If all 4 candidates fail, that is **not a wasted investigation** — it is
a strong positive finding: standard PPO hparam tuning cannot stabilize
Large-tier L-Mixed-0.90 under the current code. The failure ladder
becomes part of Phase 7 v2's operating-envelope characterization:

- Documents which knobs were tried and why each failed
- Names the specific code-level change(s) that would be needed for
  future Phase 7 v3 work (separate critic optimizer, value clipping,
  entropy schedule)
- Strengthens the Phase 7 v2 finding "Large-tier diverges from Medium-tier
  at L-Mixed" by ruling out the obvious hparam-tuning explanation

This is the same discipline that made the geometry-side C5 -> C6 -> C7
chain a strong publishable result rather than "we couldn't find the
tangent." A pre-registered falsification ladder is publishable in either
direction.

## 11. Cross-References

- **Diagnosis source:** within-segment training history of
  mixed_0_90_ext3 vs mixed_0_90_ext2 (entropy 2.28 -> 2.76, log_std
  -0.28 -> -0.04, value_loss spikes 700+, mean_reward drop 0.26 units).
- **Best-state baseline:** `mixed_0_90_ext2/checkpoints/...` (success
  0.344, alignment 0.735, mean_steps 162.9 at 8.34M env-steps,
  default hparams).
- **Acceptance-test discipline lineage:** Phase 10 optical audit
  C5 -> C6 -> C7 progression in
  [`../calibration/PHASE10_OPTICAL_AUDIT_HANDOFF.md`](../calibration/PHASE10_OPTICAL_AUDIT_HANDOFF.md).
- **Path A alternative:** continue batch with best-state discipline; see
  conversation handoff for mixed_0_95/97/99 + reward_phase3 sequencing.
- **Adopted-candidate result note:** Path B candidate 2 (`--value-coef
  0.25`) was adopted under the 3-stage test; the full multi-substrate
  receipt and the 6-policy Large-tier envelope this spec produced are in
  [`PHASE7_V2_RESULTS.md`](PHASE7_V2_RESULTS.md) §2 and §7.

## 12. Versioning

- **2026-05-15 (Path B v1, initial pin)** — diagnosis from mixed_0_90
  4-segment chain; 4-candidate hparam ladder pinned; 3-stage acceptance
  test pre-registered.
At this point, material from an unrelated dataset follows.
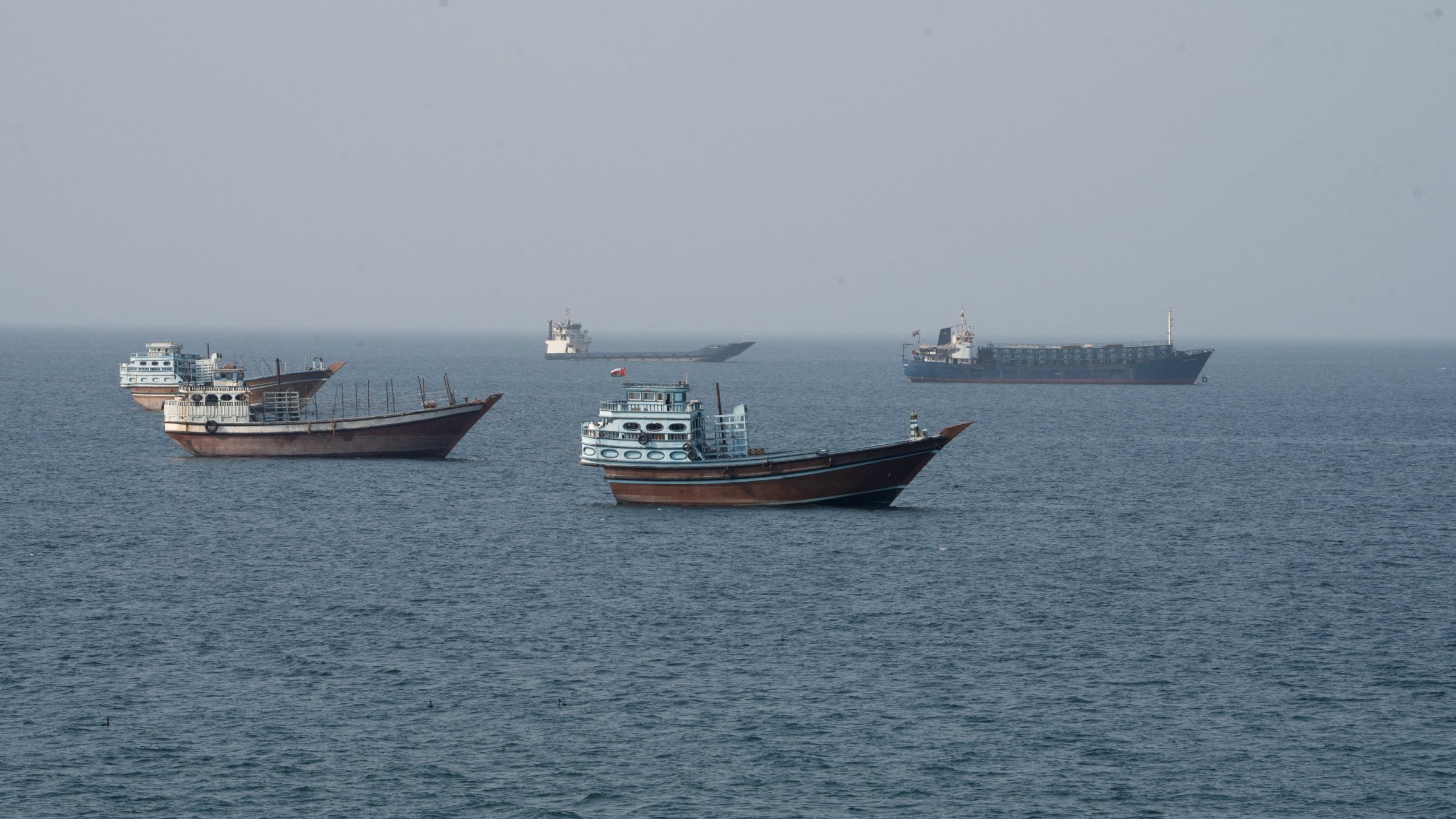 Vessels near the Strait of Hormuz, as seen from Musandam, Oman, Aug. 17, 2026. (Reuters Photo)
Multi-substrate discipline imported from the
  Phase 10 optical audit C5 -> C7 progression. No code changes
  authorized in v1; if all candidates fail, Phase 7 v3 (or equivalent)
  would own the code-level work.
- **2026-05-18 (Path B closed)** — candidate 2 (`--value-coef 0.25`)
  adopted under the 3-stage test. Subsequent cliff-subset batch
  surfaced the U-trough finding and the `λ=1.00` bootstrap-failure
  datapoint. Receipt at [`PHASE7_V2_RESULTS.md`](PHASE7_V2_RESULTS.md).